からっ風と、繭の郷の子守唄(110)
「突然に、貞園からかかってきた電話は、不吉を知らせる最初のシグナル」
群馬県下では、10月の半ば過ぎから一気に紅葉が進みはじめます。
9月下旬から10月初旬にかけてその見頃をむかえる、尾瀬ヶ原の草紅葉(くさもみじ)を
皮切りに、2000m級の峰が連なる群馬県最北部の谷川連峰から、徐々に標高を下げ、
南下をくり返しながら、11月の中旬から月末にかけて低地の山里と平地へ到達をします。
白雲山、金洞山(中之岳)、金鶏山の3つの峯が集合をする妙義山は、
その堂々とした山容と奇岩で知られている『上毛三山』の一つです。
※『上毛三山』とは。国定忠次で有名になった赤城山、湖畔の宿で全国に知られた榛名山、
奇岩がつくる光景で名高い妙義山の3つを、群馬を代表する観光の名所として
古くから、ひとまとめに呼ばれてきました※
麓を東西に走り抜けていく『妙義紅葉ライン』は、世界遺産入りを目指している富岡製糸場の
富岡市と、『下仁田ネギ』で知られる下仁田町を結ぶ山岳を伝う観光道路です。
紅葉の最盛期になると、険しい岩肌と奇岩を持つ妙義の山と、色づいた樹木のコントラストが
きわめて美しく映えるため、紅葉狩りの好スポットとしてその名を知られています。
「今どこになの。とっさの急用なのよ、康平」
11月の最初の日曜日。
康平が、貞園からの電話で美和子の異変を知ったのは、妙義登山の真っ最中のことです。
紅葉の到来と、登山の両方を一緒に楽しみたいという千尋の要望で、妙義山へやってきたばかりです。
麓にある駐車場で一休みをしたあと、中ノ岳神社で登山ポストへ山登りの用紙を投函し、
案内看板に沿って樹林地帯を歩き始めたばかりの時です。
いかにも山ガールといういでたちの千尋は、早くも腰へ手を当てながら一息をついています。
「妙義の山を歩き始めたところだ。
紅葉にはまだ少し早いが、場所によっては真っ赤に色付いた木もある。
なんだい。とっさの急用って」
『ということは、例によって、今日も千尋ちゃんがご一緒ですか、羨ましい。
思春の真っ只中で、お盛んですね、お2人とも。
そういうことならばいた仕方ありませんが、事は急を要しますので、用件だけを伝えます。
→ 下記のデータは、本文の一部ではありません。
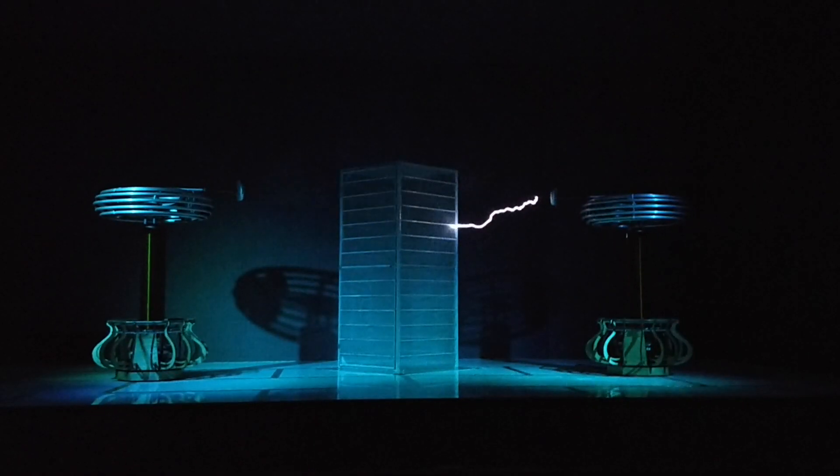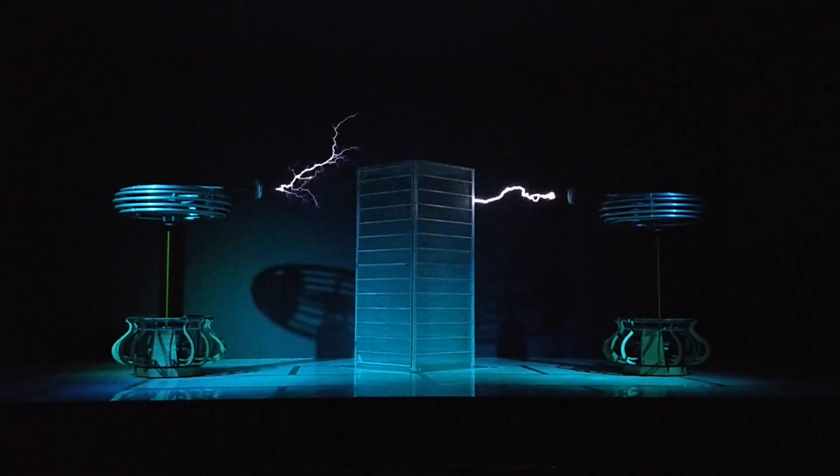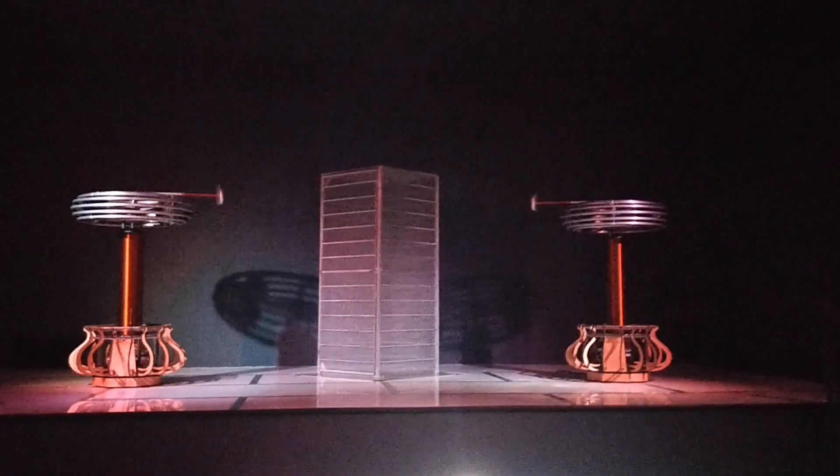I wanted to show you footage of two six-foot testicles that actually play music. These were at the Rochester Museum and Science Center. Keep watching because you're going to see what it looks like when lightning is coming straight at you. It's awesome! We'll do another video to explain the science behind this in more detail, but I just wanted you to see this awesome raw footage.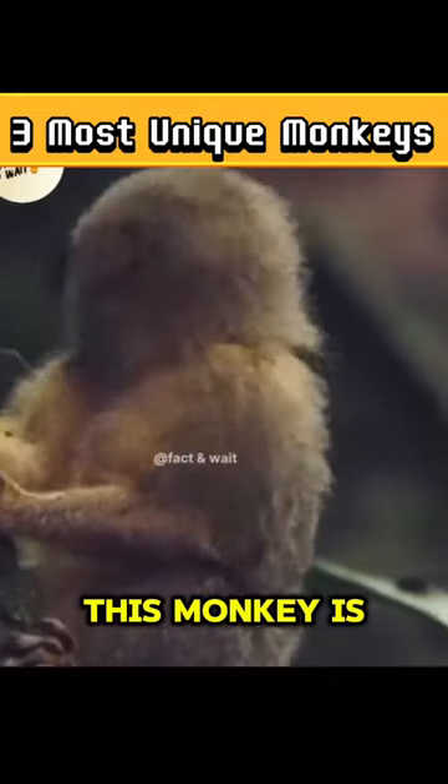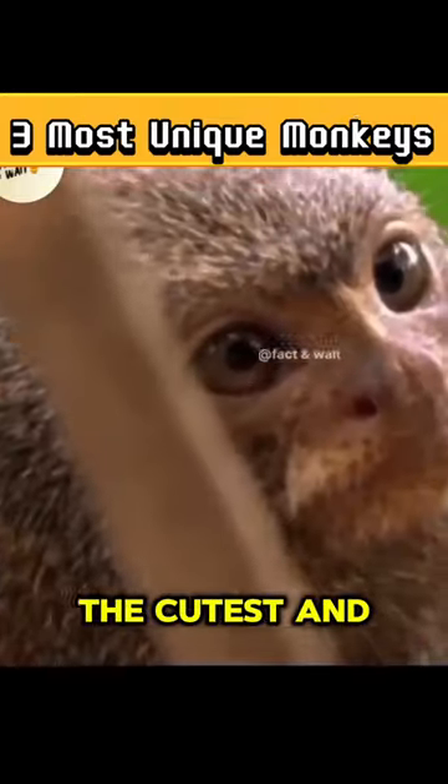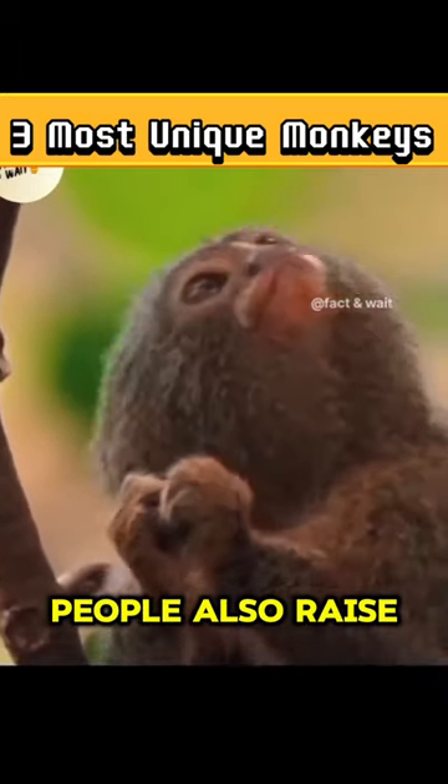Number 3: Pygmy Marmoset. This monkey is so small that it can even sit on a human finger. It is also called the cutest and smallest monkey in the world. People also raise it at home.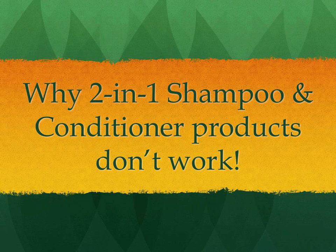This video explains in plain terms why those two-in-one shampoo and conditioner products that you commonly hear about and see on store shelves don't really work as advertised, and why you're generally better off using shampoo and conditioner separately.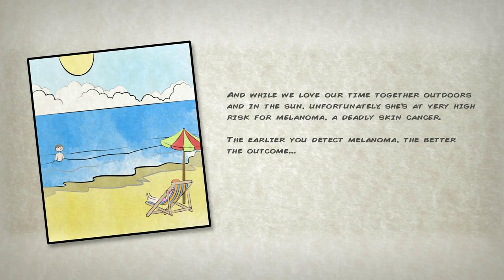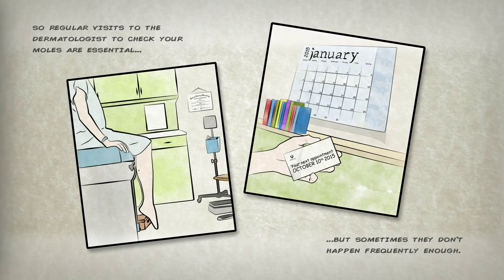The earlier you detect melanoma the better the outcome. So regular visits to the dermatologist to check your moles are essential, but sometimes they don't happen frequently enough.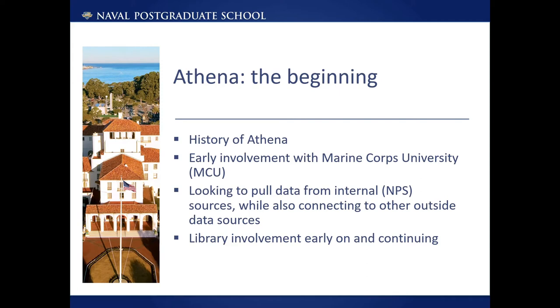In addition, the original data included scanned theses from the Marine Corps University. As the project has progressed, it has both focused on refining how data could be pulled from the various NPS data sources, while also looking to expand and connect to data sources outside of NPS. The library, as well as NPS's central IT unit ITACS, has been involved in an advisory capacity from early on, with the library contributing expertise particularly related to discovery and metadata.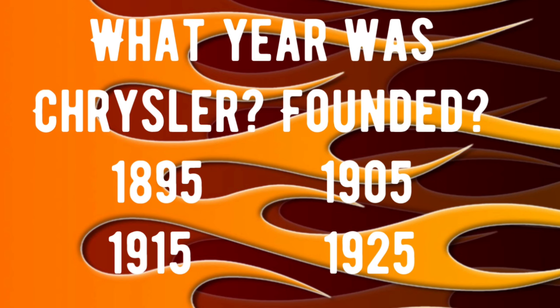First question: what year was Chrysler founded? Was it 1895? Was it 1905? Was it 1915? Or was it 1925? If you know that answer, drop it in the comments — we'll check everybody's answers at the end of the video.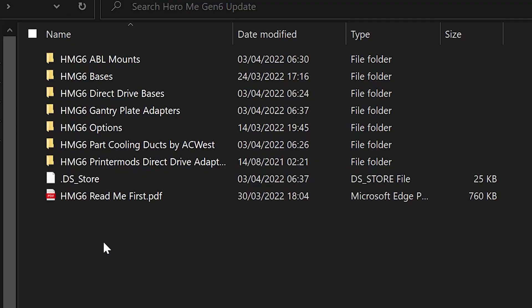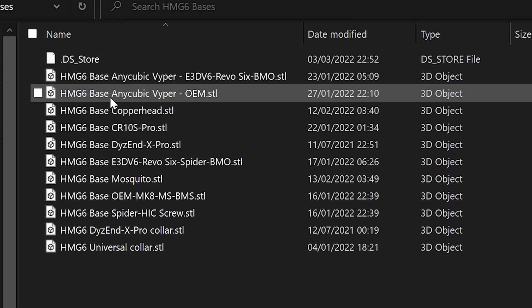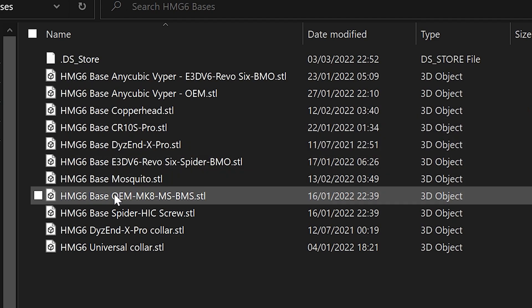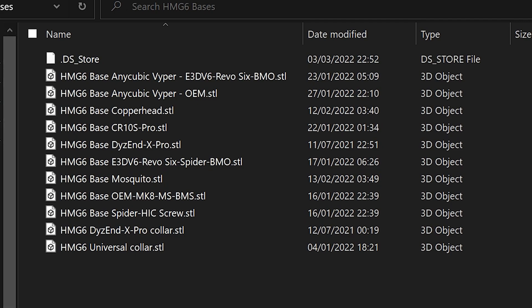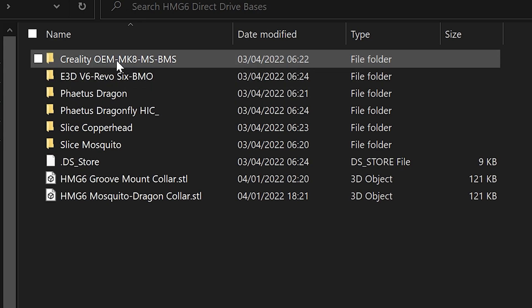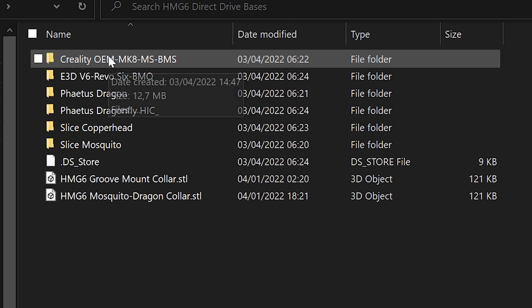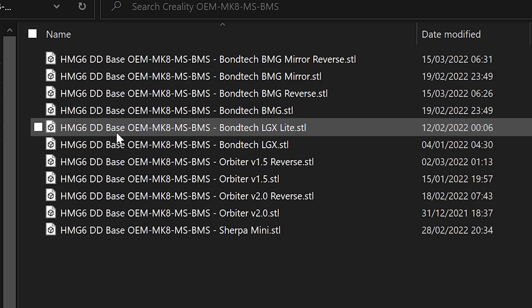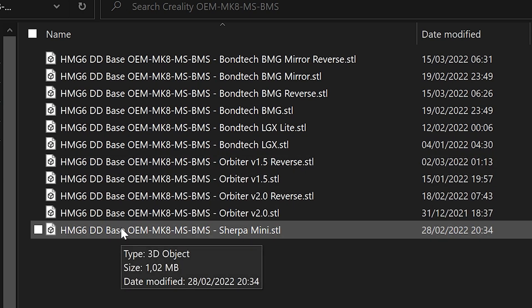The Hero Me files that are published have updated file names so that you can interpret what the part is. If you've got the ability to preview the STLs in your slicer or whatever and look at the file name, you can determine what you need. For example, if you've got a V6, you want one that has E3D V6 in the file name. If you've got a 50-15 fan, then you want a part that's got 50-15 in the file name, et cetera. So the file names are pretty straightforward that people can do it on their own if they want to.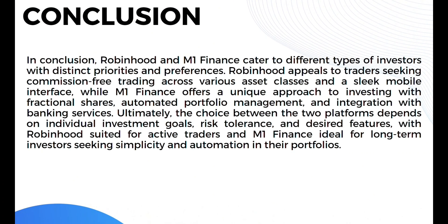In conclusion, Robinhood and M1 Finance cater to different types of investors with distinct priorities and preferences. Robinhood appeals to traders seeking commission-free trading across various asset classes and a slick mobile interface, while M1 Finance offers a unique approach with fractional shares, automated portfolio management, and integration with banking services. Ultimately, the choice depends on individual investment goals, risk tolerance, and desired features — with Robinhood suited for active traders and M1 Finance ideal for long-term investors seeking simplicity and automation. Thank you for watching this comparison review.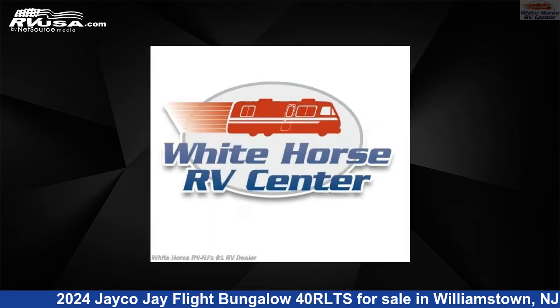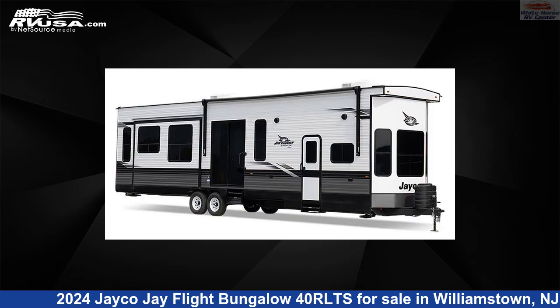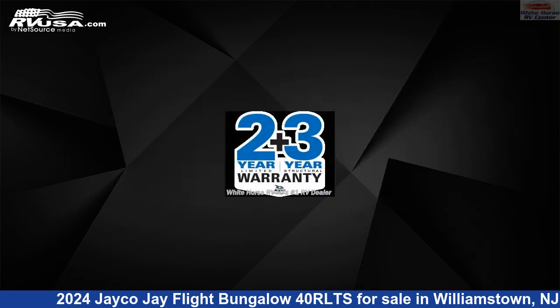This new Jayco is 40 feet 3 inches in length and features three slide-outs, sleeps four, slide-out awning, air conditioning, and 38 gallons fresh water capacity. The floor plan layout of this destination trailer features a front bath,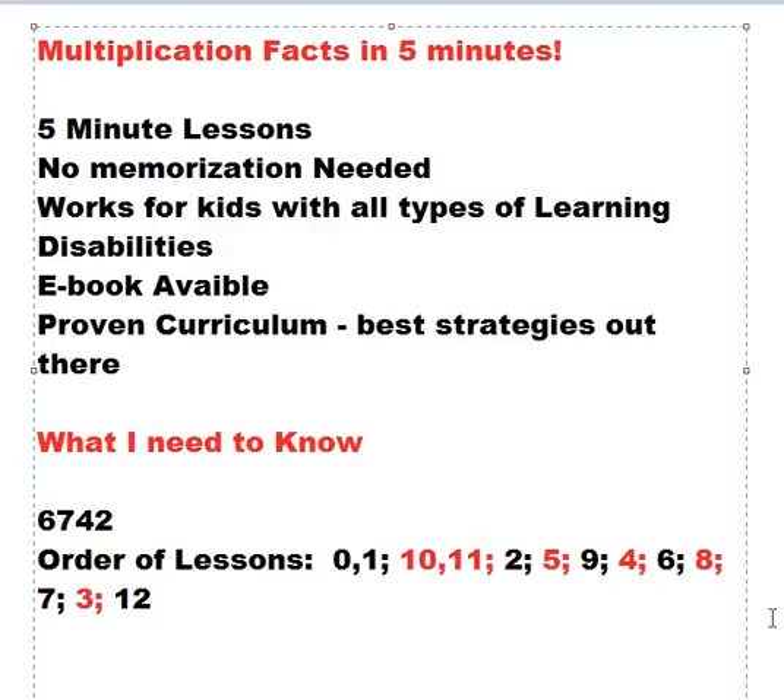No memorization, or very little memorization, is needed to learn the Multiplication Facts. This curriculum works great for children with all types of learning disabilities, especially children who have working memory issues. An eBook is available for purchase that goes along with and explains in more detail the curriculum. This is a proven curriculum that has been worked with lots of students who have been extremely successful using these strategies. It is, without a doubt, the best curriculum out there to teach Multiplication.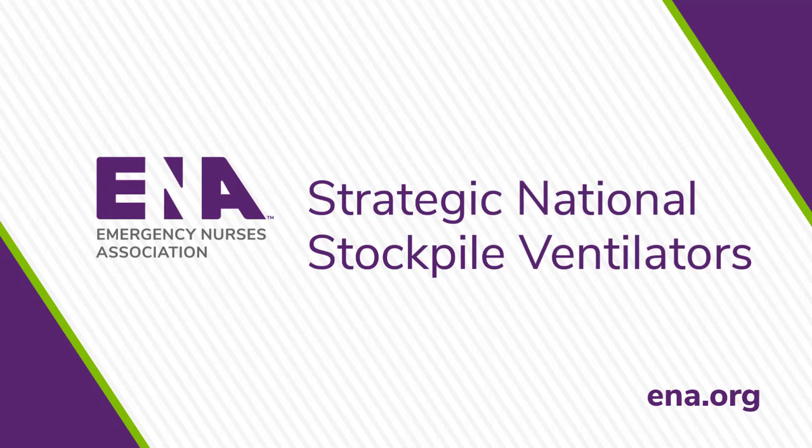VIAIR CareFusion LTV1200, and the ZOL Impact Implementation.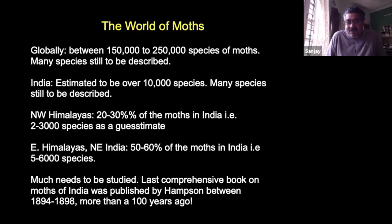The last comprehensive guidebook on moths was published by a Britisher called G.F. Hamson about 120 years ago. When I started in 2009, the only literature I found were four books written by Hamson with about 6,500 species, published between 1894 and 1898. I was completely amazed — no internet, yet the guy managed to list 6,500 moth species. Since then, there's almost been no other publication of note in the Indian context.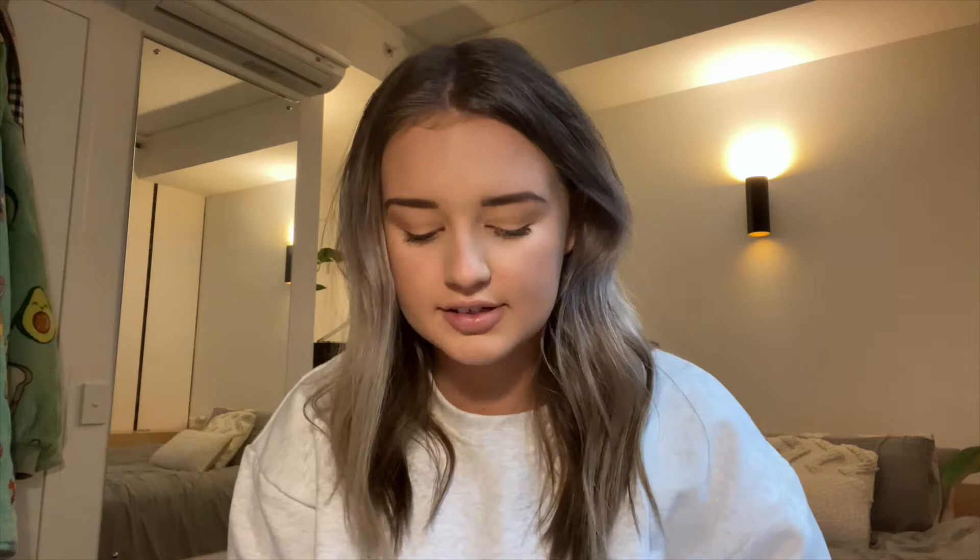I'm starting off wearing the light gray crew neck and the tracksuit pants — I'll slot those in during the try-on portion. This color only comes in a crew neck; there's no hoodie for this one. The entire collection is unisex, so whether you've got a boyfriend, brother, dad, or anyone in your life you want to buy for — go ahead. Pick one up regardless of gender, because it's for everyone.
美和ちゃんがDVの旦那から脱走をしてきましたので、当分の間、私のマンションで
彼女を責任もってかくまうことにしました。
そういうことですので、そちらのデートが片付き次第に、こちらへ連絡を下さい。
以上、貞園からの緊急を要する連絡でした。じゃあね、千尋ちゃんによろしく。
んじゃ、またねぇ~。バイバイ・・・・』
「おい。待て、待て。もう少し詳しく話せ。いきなり切るな、こらっ、おい貞園!」
『バッカじゃないの康平ったら。
長引く電話をかけたなら、千尋ちゃんが変な風に気を使うでしょ。
第一、あんたは嘘がつけない人だもの。
何も聞かなくてもいいから、とりあえずは、2人で登山を楽しんできてちょうだい。
事態は長びくことになるでしょうから、今夜でも充分に間に合います。
了解かな?。モテる男は大変ですねぇ。
『二兎追うものは一兎も得ず』というから、康平みたいな両天秤は、とても危険です。
両方に振られても、そうなったら最後は私が面倒を見てあげますから、安心をして頂戴。
あははっ、じゃあね。本当に切るわよ。もうこれで』
「おい、待て、こらっ。あ、本当に切りやがった・・・・
いったい、どうなっているんだ。あいつったら」
「どうしました?。何や急な用でも発生しましたか、貞ちゃんからでしょう、今の電話」
「あ、いや。別にたいした用件じゃない。
帰ったら打ち合わせをしたいことが有るので、電話をくれという用件だ。
いつものようにそれだけを伝えたら、さっさと自分から勝手に電話を切りやがった。
いつものことながら、自分勝手な妹だ」
『貞ちゃんらしいわ』と、帽子を持ち上げながら千尋が笑っています。
本殿の裏手から始まった登山道は、針葉樹林を過ぎると増水をしている沢へ到達します。
前々日からの出来事で、台風から温帯低気圧に変わってしまった大雨の影響で、
山には、たっぷりの雨が染み込んでいます。
茶色ににごり、増水気味の沢を渡りながら『大の字』方面を示す看板に沿って前へ進みます。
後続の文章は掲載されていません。